The proc_handler function pointer is the function that is called during I/O operations performed on the sysctl variable.

typedef int proc_handler (struct ctl_table *ctl, int write, struct file * filp,
              void __user *buffer, size_t *lenp, loff_t *ppos);

There is a set of predefined routines for basic operations on variables that can be used as a proc_handler. These include proc_dostring() for reading/writing a string, proc_dointvec() for reading/writing one or more integers - as well as a few other variants of the latter function. In case of using these functions, the data and maxlen fields are used. Data points to the buffer holding the variable in-system, and maxlen the length of the buffer.
A kernel programmer can also define his/her own proc_handler function. In this case, the write function parameter shows whether the operation was a read (write == 0) or write (write == 1) operation. The buffer pointer is a pointer to the buffer with the data being read/written. The lenp is a pointer to the size of the user buffer holding (or to be used for holding) the data, and ppos is the offset from the beginning of the sysctl file of the variable during the operation I/O. These two are pointers so that they can be modified during handling.

So, what did change between 2.6.31 and 2.6.34? As noted in the comments, the ctl_name and strategy fields have been removed. I never used the strategy field before, but it seems it was used to optionally initialize and format data before display or storage. The proc_handler functions do not include the filp parameter anymore as well. No big changes really. At least I didn't notice anything else of interest.
The ctl_name field was indeed useless since long. Most variables used CTL_UNNUMBERED as the ctl_name since they did not care about an unique ID. There were times it was useful though, for instance while creating one proc_handler for many sysctl variables, later identified by ctl_name - but still the 'extra' fields can be used for that now. Or even a strcmp of the procname field.

But how are these variables positioned in the sysctl tree? The function register_sysctl_table() needs to be called for the main ctl_table array. The main root of all sysctl variables is /proc/sys.
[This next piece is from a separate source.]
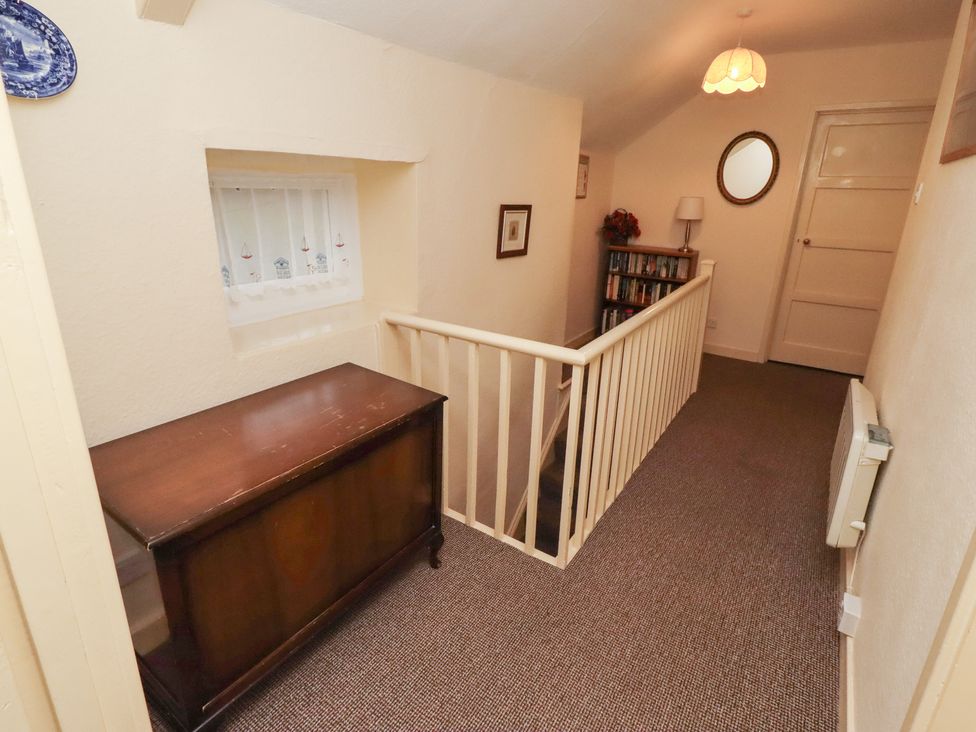 A hallway with a table and bookshelf at Wayside Cottage Newton-by-the-Sea
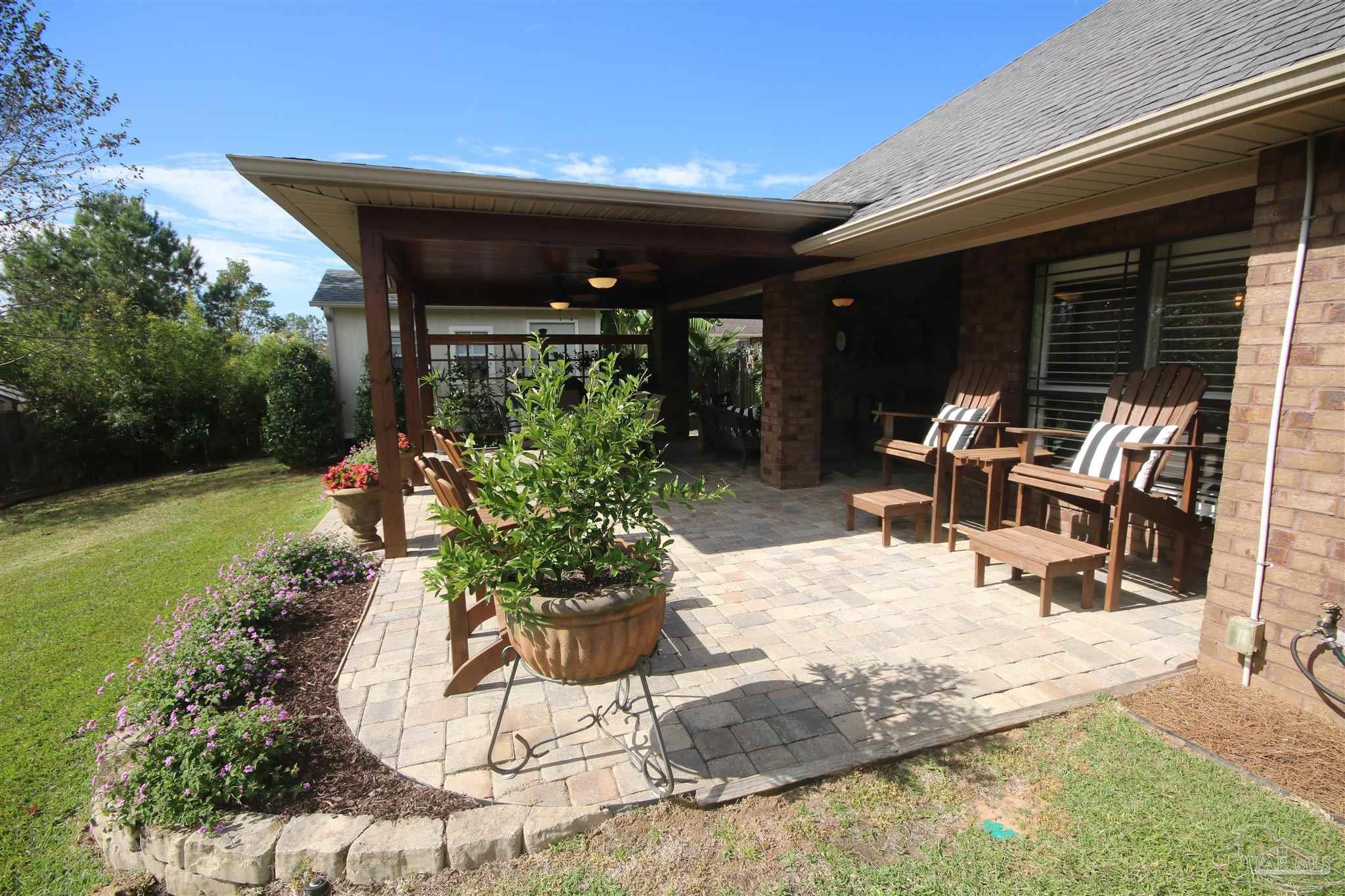 5790 Dunridge Drive Pace, FL 32571 - Photo 3 of 50 is perfect for relaxing & cooking out w/ family.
From that, you need to provide the ctl_table's of all directories in the path e.g. if we want to have a variable accessible at /proc/sys/dev/ala0/name, the ctl_table arrays for dev and ala0 need to be created and linked with each other using the child fields. If no other kernel code already defined the given directory, it is created in the virtual filesystem.

The sysctl interface is one of the recommended ways of exchanging data between the user and the kernel. Just remember to always use copy_from_user()/copy_to_user() when writing your own proc_handler functions! I must say that I like the idea of how sysctl configurations are created, accessed and exported - reminds me of Flatconf somehow... But more about this in the nearest future.